The Pro League has also produced a couple of Belgium exports in Khaleem Hyland from San Juan Jabloteh to Genk, via Zulte Waragem and Sheldon Bateau from North East Stars to Mechelen.
Shahdon Winchester and Aubrey David both play in Finland for FC Jaro; Kendall Jagdeosingh plays in Thailand, while Daneil Cyrus and Hughtun Hector ply their trade in Vietnam. The Wolfe brothers Anthony and Glenton, along with Cornel Glen and Densill Theobald have played in unlikely places such as India, where the money is better than they might have earned playing at home.
“A major part of the revenue stream of any local professional club is getting players to the foreign leagues,” Skeene declared, while acknowledging that with low turnouts of sometimes just 200 diehard fans, no Pro League club could operate on gate receipts.
Except for the military teams Defence Force and Police, most survive on monthly Sports Company subsistence.
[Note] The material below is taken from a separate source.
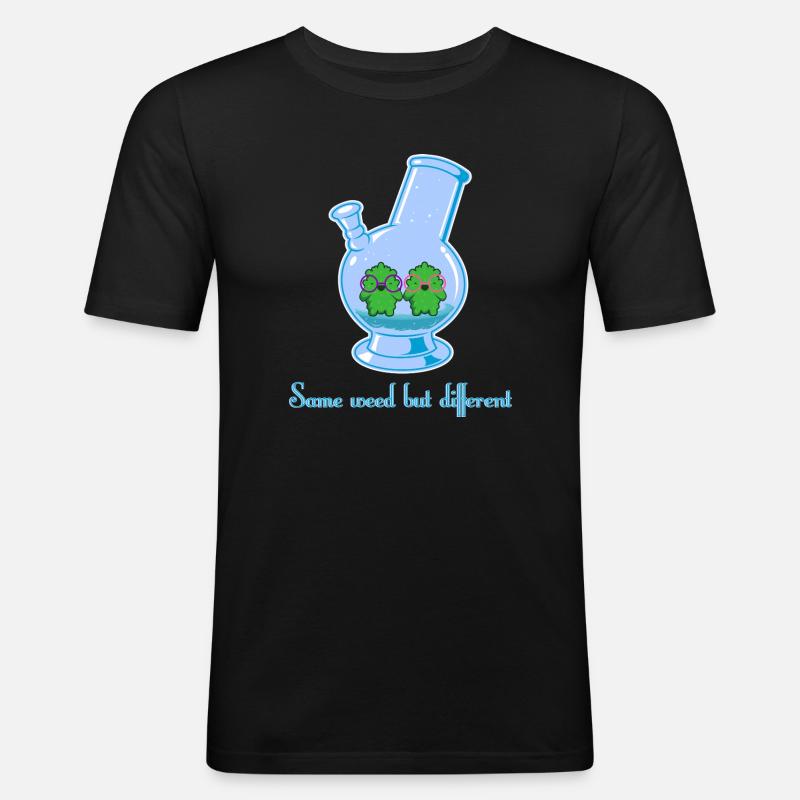 Same weed but different - Männer Slim Fit T-Shirt - Schwarz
Still, Skeene sees the Pro League as a success, even with its present challenges.
“We have a competitive league where the outcome of few matches can be predicted. In recent seasons we have seen Police, North East Stars and Central FC and so, consistently challenging the established clubs such as Defence Force, W Connection and San Juan Jabloteh for honours,” Skeene said. “We also have our teams qualifying for the CONCACAF Champions League.
Skeene acknowledged that no TT Pro League club had made a major impact on the CONCACAF scene, since the 1980’s when Defence Force won two CONCACAF Champions Cup titles in 1985 and 1987 and Police also reached a final. But there have been some good moments from the likes of Joe Public, San Juan Jabloteh and W Connection.
“If we had kept all our players at home, I am sure we would have had much stronger showings at the CONCACAF level,” said Skeene, a former T&T international striker himself.
“But part of growing is making a space for the young ones coming up. The older players go abroad and that in turn makes space for youngsters to grow into good professionals themselves. That is the goal of the Pro League.”